Monday, December 19, 2011

Nick Clegg's Straw Bride and Groom

The much trailed speech by Nick Clegg this morning has this passage about marriage:

The institutions of our society are constantly evolving. Just look at the way the roles of men and women, and attitudes to marriage and divorce, have changed over the last century.

We should not take a particular version of the family institution, such as the 1950s model of suit-wearing, bread-winning dad and aproned, homemaking mother – and try and preserve it in aspic.

That’s why open society liberals and big society conservatives will take a different view on a tax break for marriage. We can all agree that strong relationships between parents are important, but not agree that the state should use the tax system to encourage a particular family form.

As other people have already pointed out, this is a straw man and woman. I don't know of anyone who promotes marriage who is lobbying for the vision which Clegg describes here. It's not the marriage Nick Clegg has, and as far as I'm aware the tax break for married couples, small as it is, isn't means tested on the basis of ties and aprons.

More importantly, Clegg is sawing off the branch he sits on. The substance of his speech is an explanation of why a liberal vision of an 'open society' is better than either the conservative or the socialist vision. At the heart of the 'open society' is social mobility, the principal that a childs circumstances of birth shouldn't determine how life turns out for them. There are few things more destructive to a childs life chances than a fractured home life, and, for all its faults, marriage promotes stability.

The Centre for Social Justice points out that family breakdown among unmarried parents is much higher than among those who are married. This in turn has marked effects on poverty, education, mental health, ability to form successful relationships etc.
Liberals have been at the forefront of the campaign to recognise civil partnerships: a chance for people in committed gay relationships to formalise and mark their commitment to one another. It seems slightly odd that at the same time, Clegg is basically saying that this kind of ceremony doesn't really matter, and isn't something that society should value or promote.
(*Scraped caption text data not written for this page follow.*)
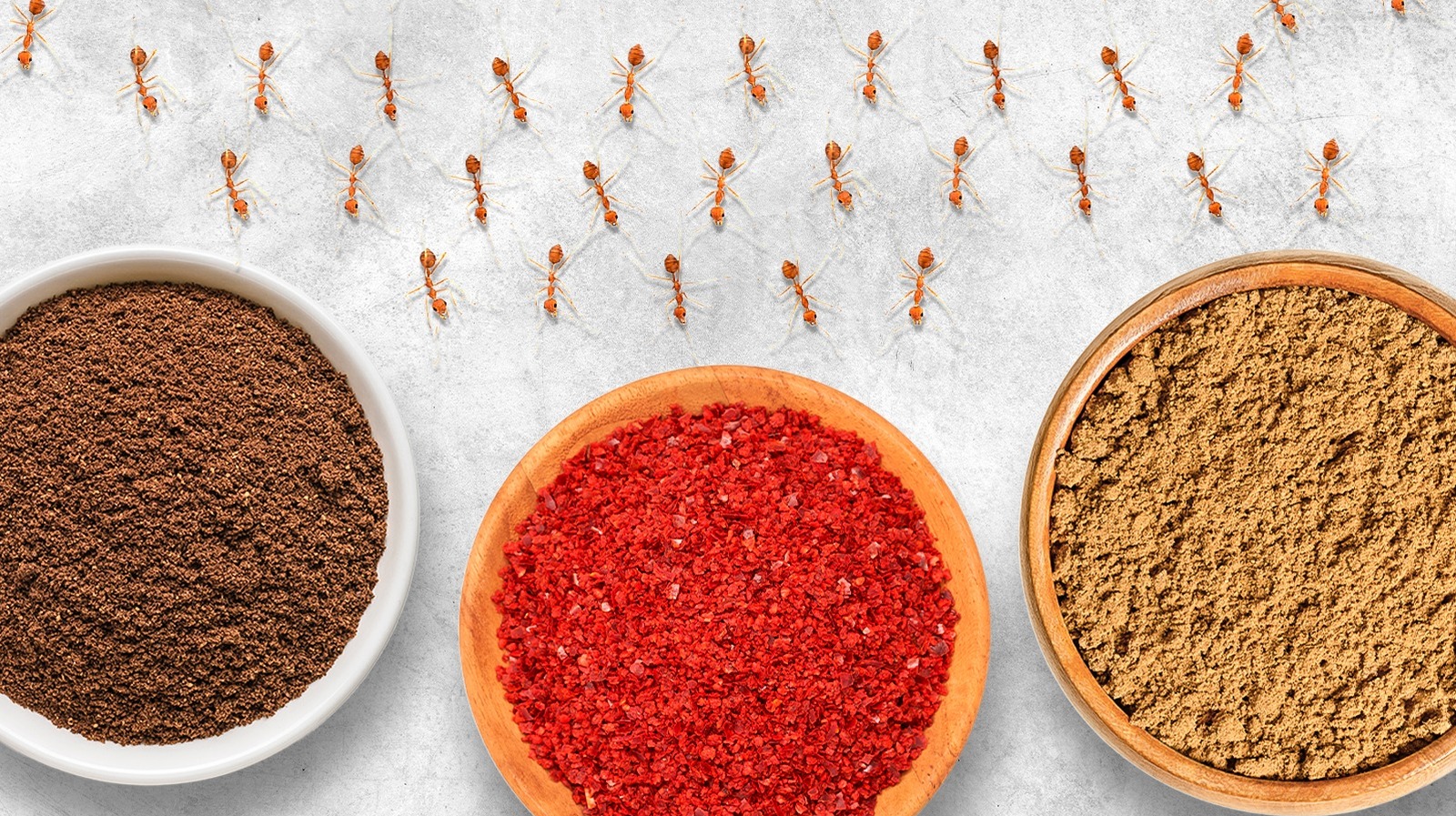 Repulsive Ant The 9 Best Natural Repellents To Keep Ants Away From Your Picnic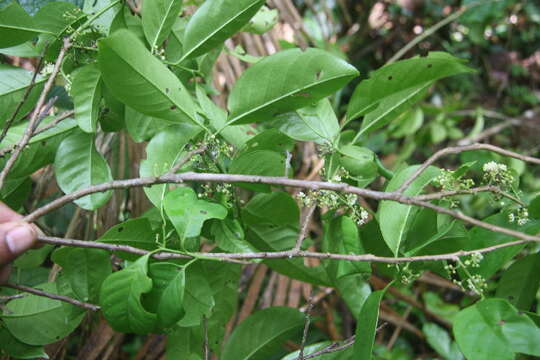 Image of Ilex skutchii Edwin ex T. R. Dudley & W. J. Hahn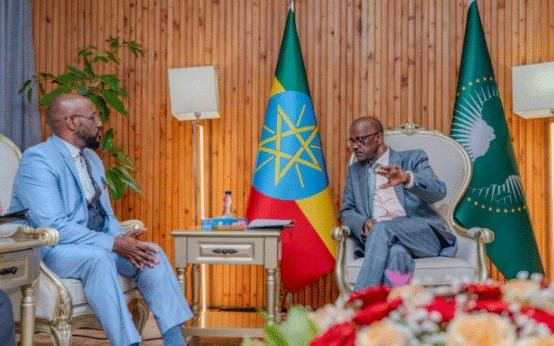 Ethiopian State Minister Hadera Holds Talks with US Ambassador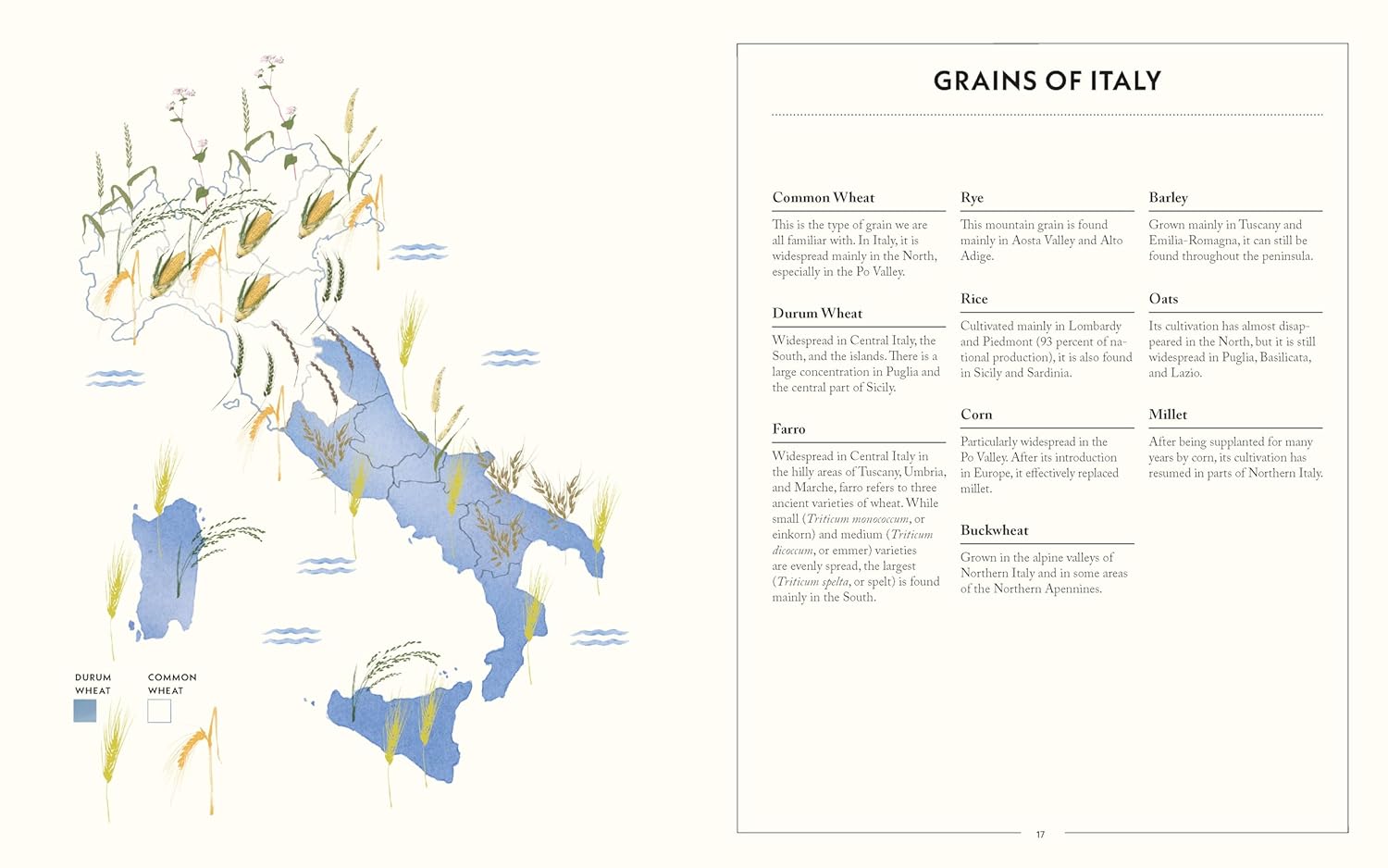 Mastering Italian Breads: Recipes and Techniques from Italy’s Most Celebrated Breadmaker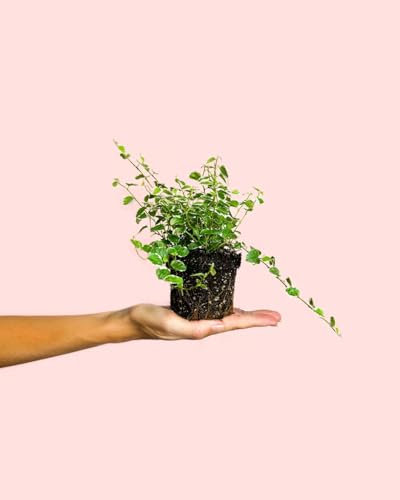 Ficus Pumila White | Mini Planta Natural | Pur Plant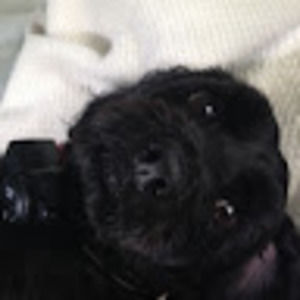 Meet your Posher, Zoe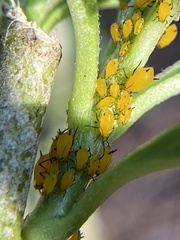 Aphis nerii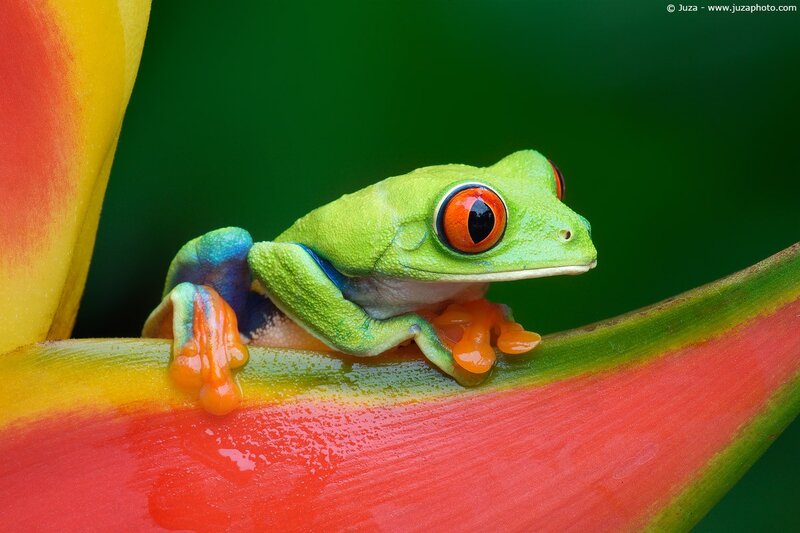 Red-eyed tree frog on a flower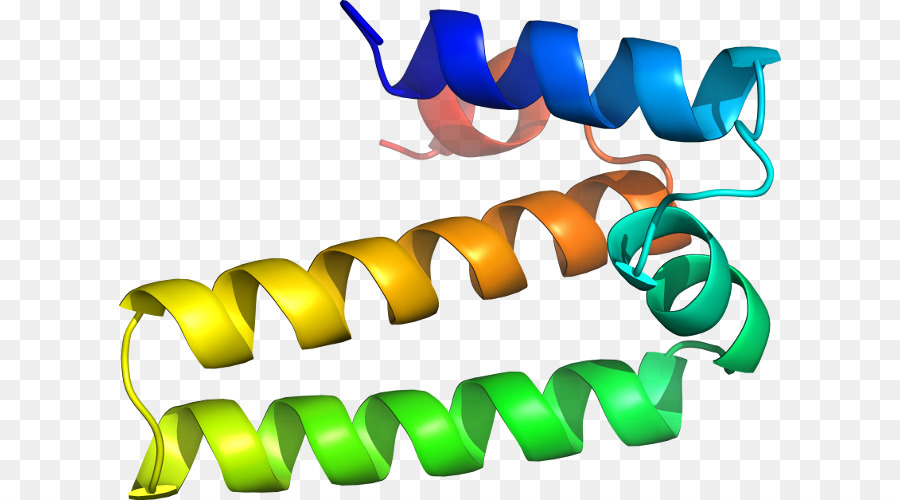 Hélice De Proteína，Molécula PNG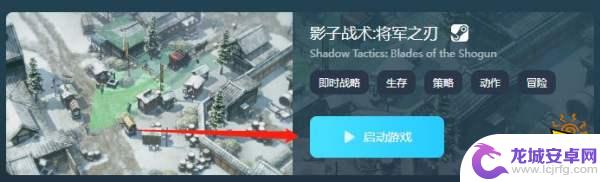 steam石油骚动多少钱？全面解析steam石油骚动价格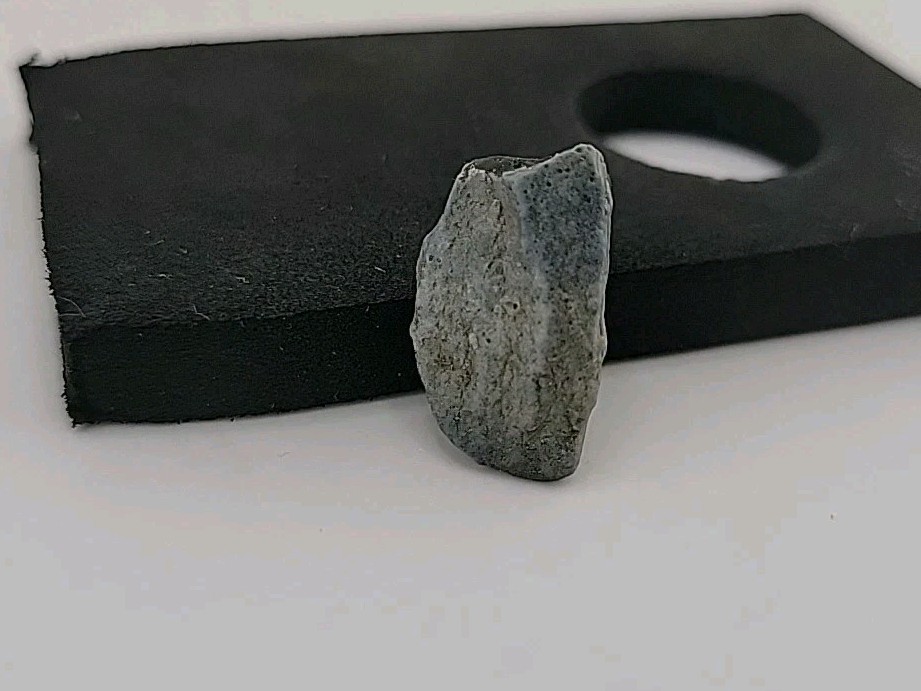 Fossil Dinosaur Tooth Permineralized Unknown Species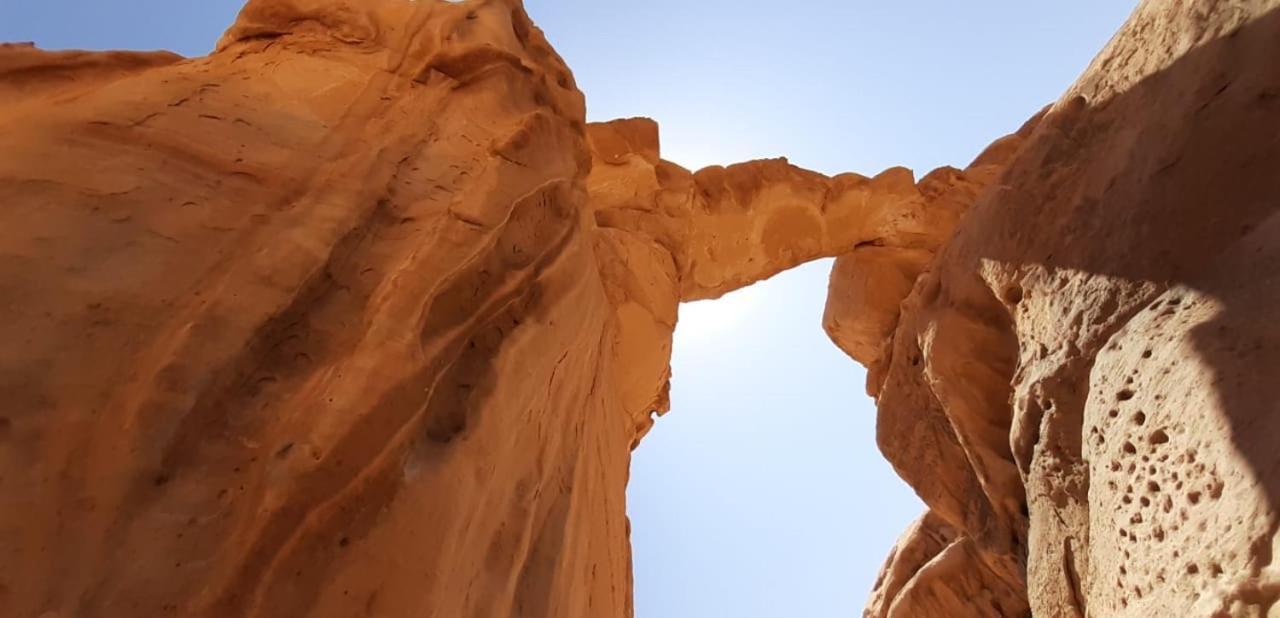 Bedouin Holidays Camp And Jeep Tours Wadi Rum Exteriör bild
If there is a family form which does the best job at promoting the kind of environment where both adults and children can thrive, then why shouldn't the government promote this? After all, it is promoting other social structures - the same speech mentions the extension of nursery education to more 2 year olds. That's using government money to promote a social structure: more 2 year olds raised in state/private education facilities and raised less in the family home.

Final point: there's a deep ideological problem in Clegg's speech. Whilst Labour saw the state as the answer to pretty much everything, in Clegg's 'open society', everything is about the individual. No merit is attached to social structures, even if they are ones valued and embraced by large numbers of individuals. The place of families, neighbourhoods, unions, charities, political parties, co-ops, churches is mentioned but ascribed to 'conservatism'. Maybe he wouldn't go so far as to say 'there is no such thing as society', but Clegg doesn't seem that far away. I certainly couldn't imagine him talking about the kind of mutual dependence and community life depicted in Acts and 1 Corinthians. Cleggs world consists of individuals and institutions (in constant need of reform by individuals), but very little in between. The liberal self sounds mightly lonely.

1 comment:

  1. Thanks for this, David - excellent comments on a speech that, of course, I didn't hear, as it wasn't broadcast in Canada! But I'm glad it was the catalyst for you to make the points you did.